**Task goal**
Skip the pictures and repeat each line of the data exactly.

**Available data**
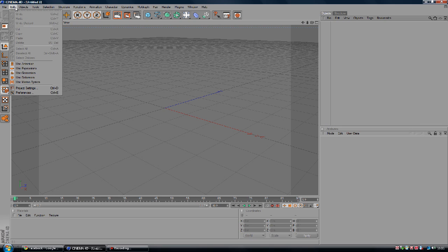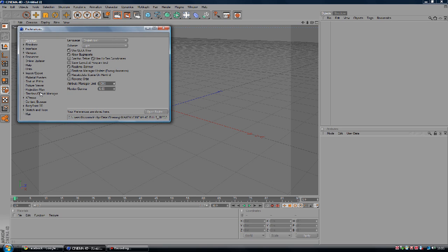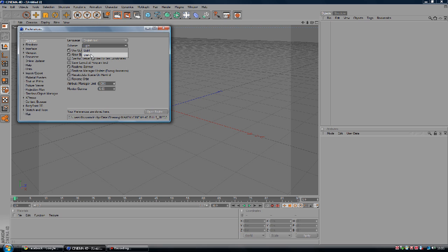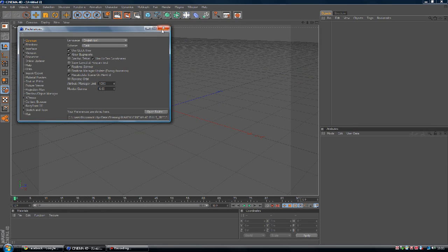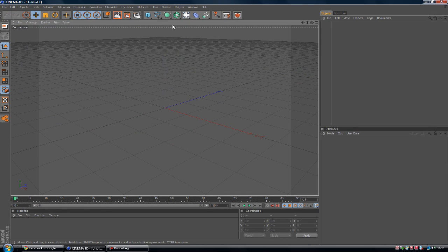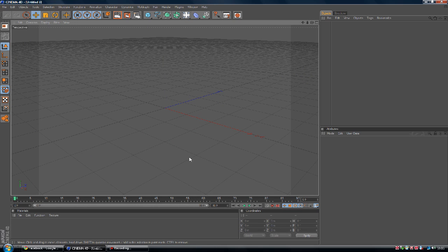So all you got to do is go to edit, preferences, and you just want to go to the scheme here under common where it says language. Go to scheme, light and dark, just click dark or vice versa. You've got to change it and there you go. So your Cinema 4D is in the dark version.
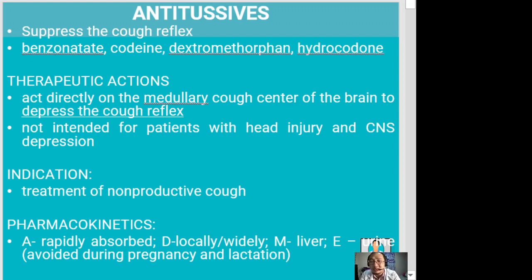The indication for antitussives is treatment of non-productive cough — when there is no production of secretions, a non-mucoid type of cough. They are also used to control cold symptoms and are good for nasal congestion. Nasal congestion usually results from dilation of nasal blood vessels.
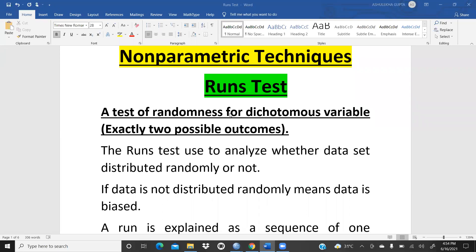One more non-parametric technique: the runs test, which is a test of randomness for dichotomous variables — variables with exactly two possible outcomes. We apply the runs test when we want to know whether data is collected randomly or if it is biased.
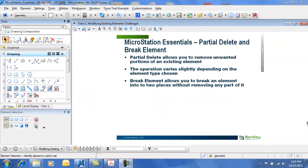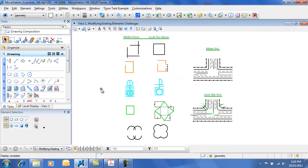MicroStation Essentials: Partial Delete and Break Element. Partial Delete and Break Element are element modification tools that work on existing elements. Partial Delete allows you to remove an unwanted portion of an existing element. The Partial Delete changes slightly in its operation based on the element type you've chosen to partially delete. Break Element is relatively straightforward — it allows you to break an element into two pieces without removing any part of that element.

**Result**
So all you got to do is go to edit, preferences, and you just want to go to the scheme here under common where it says language. Go to scheme, light and dark, just click dark or vice versa. You've got to change it and there you go. So your Cinema 4D is in the dark version.
The indication for antitussives is treatment of non-productive cough — when there is no production of secretions, a non-mucoid type of cough. They are also used to control cold symptoms and are good for nasal congestion. Nasal congestion usually results from dilation of nasal blood vessels.
One more non-parametric technique: the runs test, which is a test of randomness for dichotomous variables — variables with exactly two possible outcomes. We apply the runs test when we want to know whether data is collected randomly or if it is biased.
MicroStation Essentials: Partial Delete and Break Element. Partial Delete and Break Element are element modification tools that work on existing elements. Partial Delete allows you to remove an unwanted portion of an existing element. The Partial Delete changes slightly in its operation based on the element type you've chosen to partially delete. Break Element is relatively straightforward — it allows you to break an element into two pieces without removing any part of that element.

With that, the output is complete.